So what is it that is keeping Renee from being granted her asylum? Well,
things may not have been as simple as Renee and her co-defendants have made
them out to be.
First of all, the government's claim that McCormick's operation was part of
a larger conspiracy is supported by evidence that McWilliams seems to have
been funding the growing of marijuana in three other locations besides
McCormick's Bel Air home. Marijuana plants were found in McWilliams' Laurel
Canyon home as well as two houses in Chino and Van Nuys connected to a man
named Scott Hass. In one of the houses overseen by Hass, the police found
equipment for the manufacture of hashish, but Hass defends himself by
saying that he was simply experimenting with different ways to deliver
medical marijuana.
While McCormick and Hass claim to never have met each other and in fact to
both have had no knowledge of the other, this is not legally necessary to
prove a criminal conspiracy. By law, conspirators don't need to actually
know each other, they merely have to know that they are part of a larger
operation. But was there a larger operation?
Scott Imler, president of the LA Cannabis Buyers' Club (an organization of
which McWilliams was a member), seems to think so. He claims that
McWilliams approached him wanting "to enter into a contract with [the
Buyers' Club] for the sale of marijuana at $4,800 per pound." Imler and
other Club workers also claim that McWilliams said that he wanted to become
"the Bill Gates of Medical Marijuana." McWilliams denied having suggested
any sale, and said of the Bill Gates quote that he was simply joking. Both
Renee and McWilliams' Attorney have indicated a belief that Imler may have
been the one to tip off the Feds to McCormick's growing operation.
The government's case is not without its own inconsistencies, however. For
instance, the government's claim that McCormick was growing 4,116 plants
with a street value in excess of $20 million dollars is a bit of an
exaggeration. In fact, the majority of the plants that the Feds found in
McCormick's home were dormant cuttings, planted nearly one hundred apiece
in two foot by one foot boxes - hardly mature 'plants'. This is perfectly
consistent with McCormick's claim that he was doing crossbreeding
experiments to determine which strain of cannabis produced the most
effective cannabinoid for the treating of a particular medical symptom.

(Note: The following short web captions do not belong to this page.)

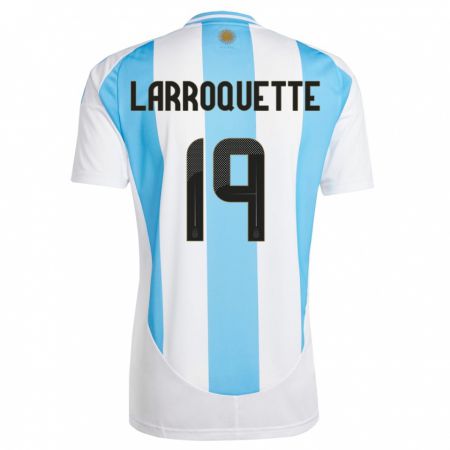 Kandiny Gyermek Argentína Mariana Larroquette #19 Fehér Kék Hazai Jersey 24-26 Mez Póló Ing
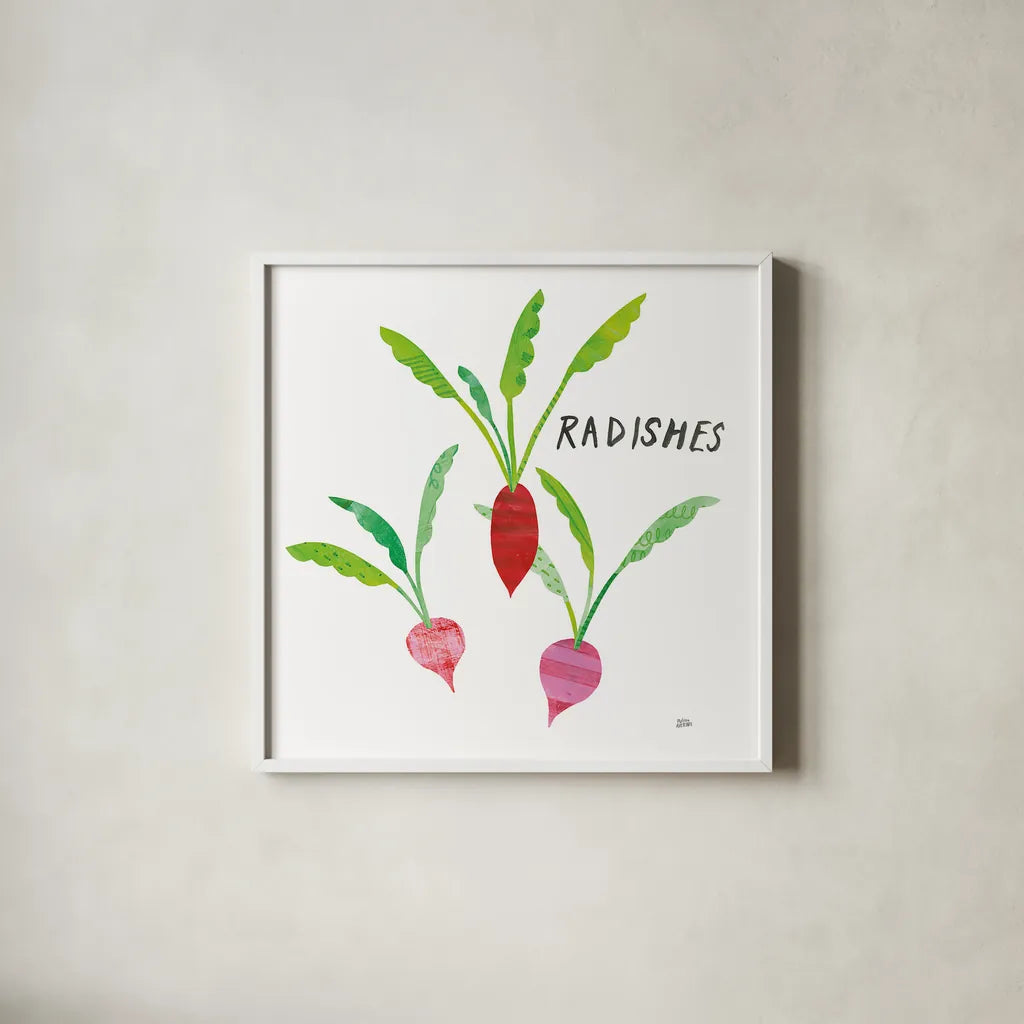 Kitchen Garden VI by Melissa Averinos. Shown in a crisp white glass frame for a clean and minimalist style. Available as an archival giclee rolled canvas, fine art paper, or poster print. SKU 33389a.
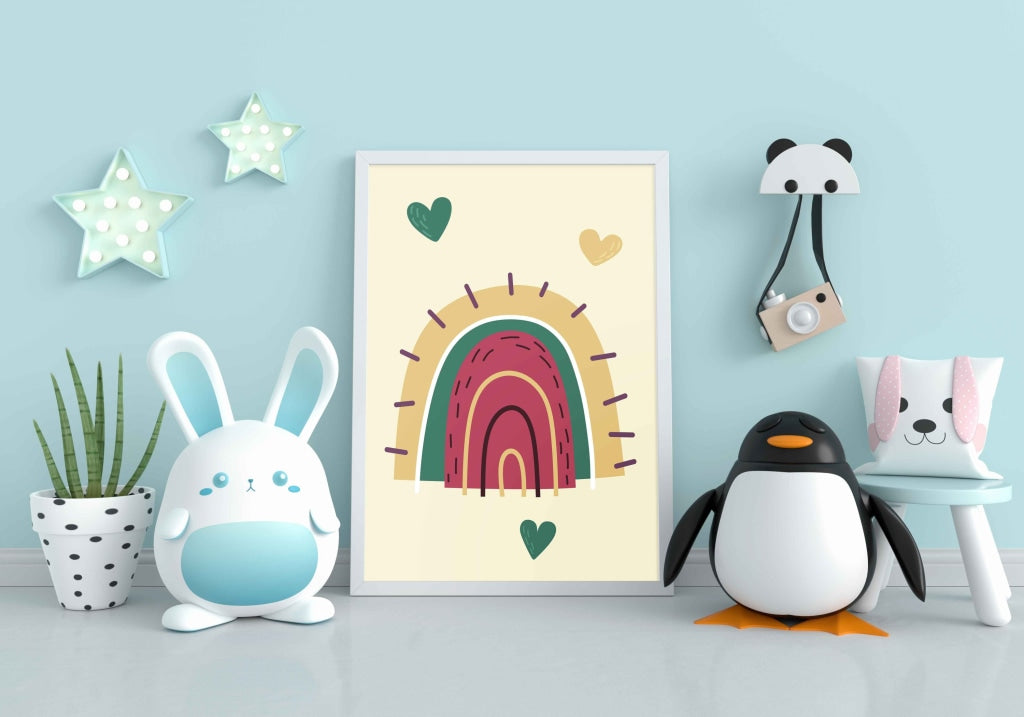 Rainbow Love Art Frame For Wall Decor- Funkydecors Xs / White Posters Prints &amp; Visual Artwork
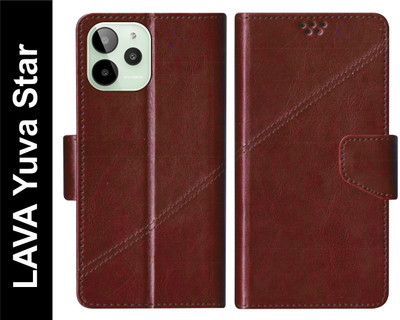 SBMS Flip Cover for LAVA Yuva Star Back Cover Case with Magnatic Closure(Brown, Shock Proof, Pack of: 1)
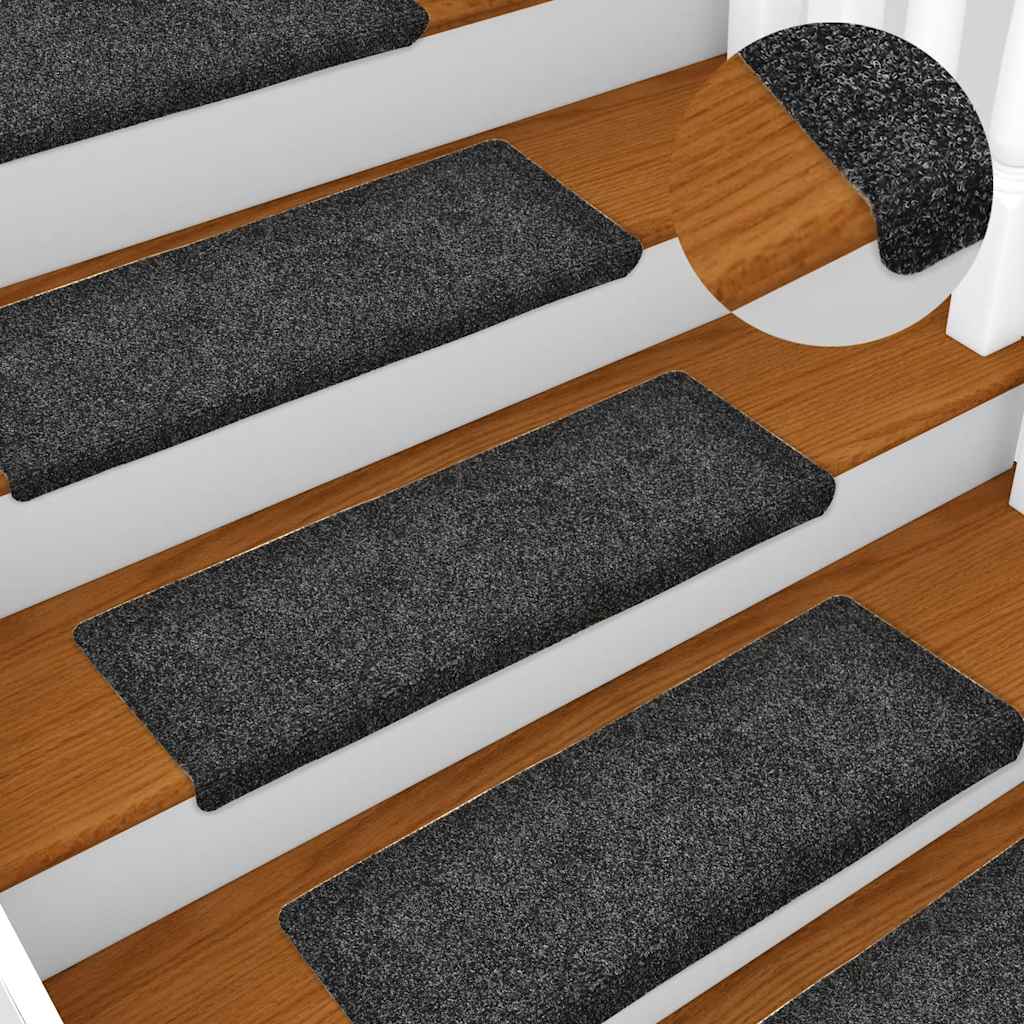 Tapis d'escalier autocollants 30 pcs | Paillasson d'escalier | Tapis de marche gris 65x21x4 cm CFW647097 - 5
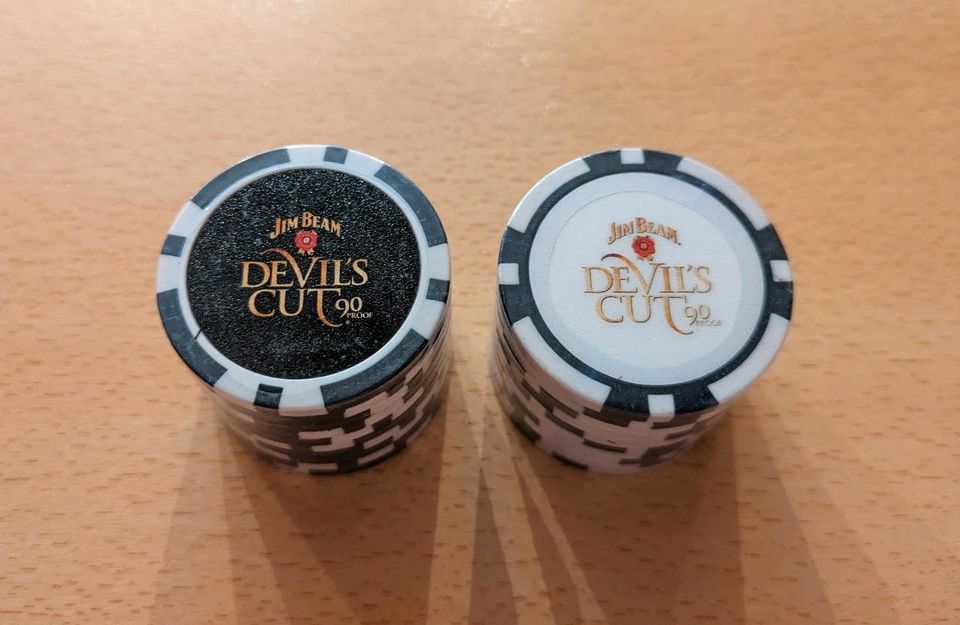 Neu Jim Beam 20 Poker Chips Jetons Devil's Cut 90 Proof in Messel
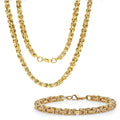 2-Piece: Men's 18k Gold Plated Stainless Steel by Zantine Necklace and Bracelet Set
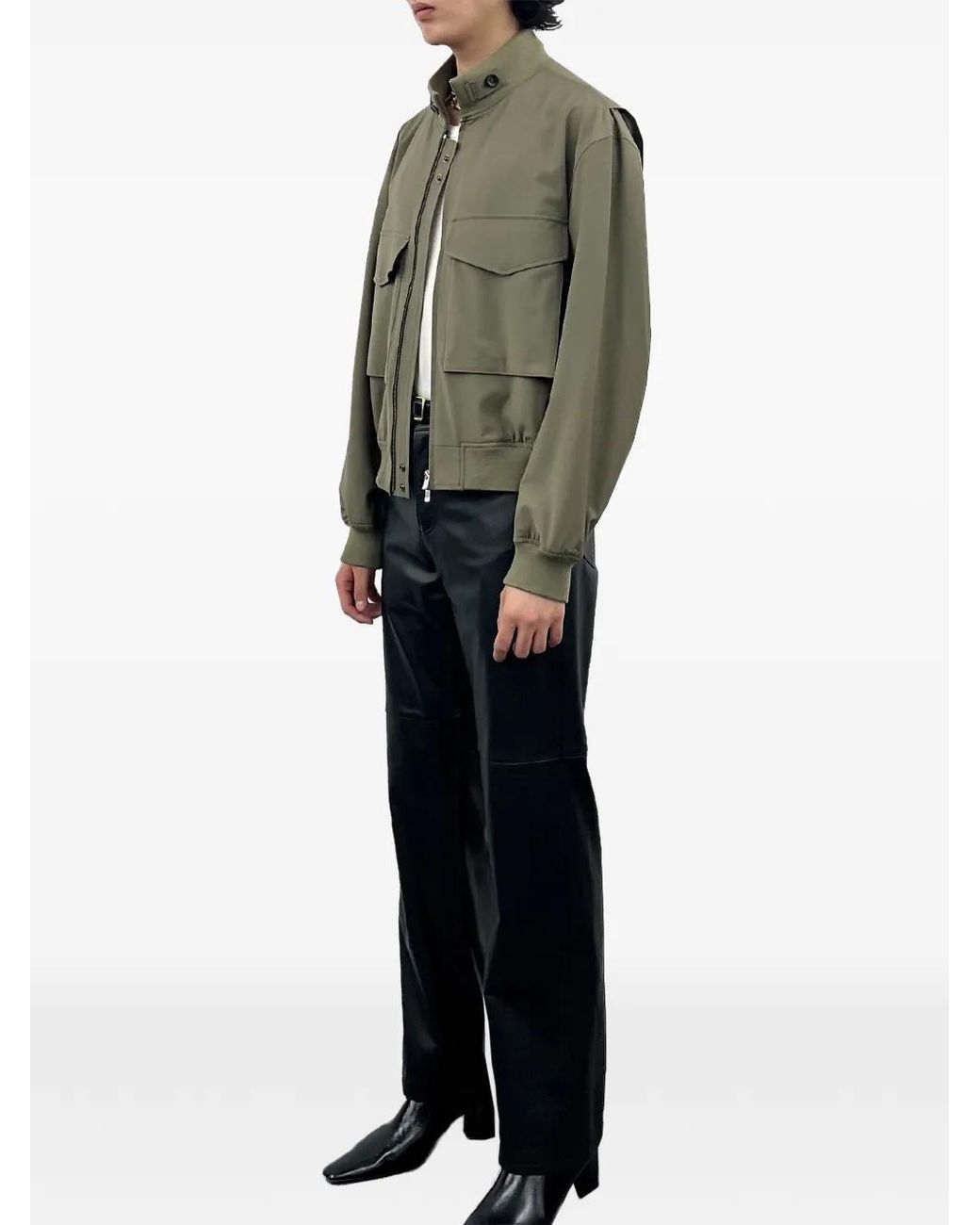 TONYWACK Green Zip-Up Flap-Pocket Jacket for men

Also the government has failed to adequately address why, if in fact he was
involved in a criminal conspiracy, was McCormick so open about his actions?
Many of his plants were on his front porch easily visible from the street
in a neighborhood that boasts Elizabeth Taylor and President Reagan as
residents.
In the end it is important to keep everything in this case in perspective.
For one, the most damning evidence that the government claims to have
against Renee is a video on which she is seen watering and moving
McCormick's plants for a little over an hour. Even supposing that
McCormick, who according to California State law had a legal right to grow
marijuana, was in fact breaking the law, does Renee's watering of his
plants merit a ten-year sentence in Federal prison?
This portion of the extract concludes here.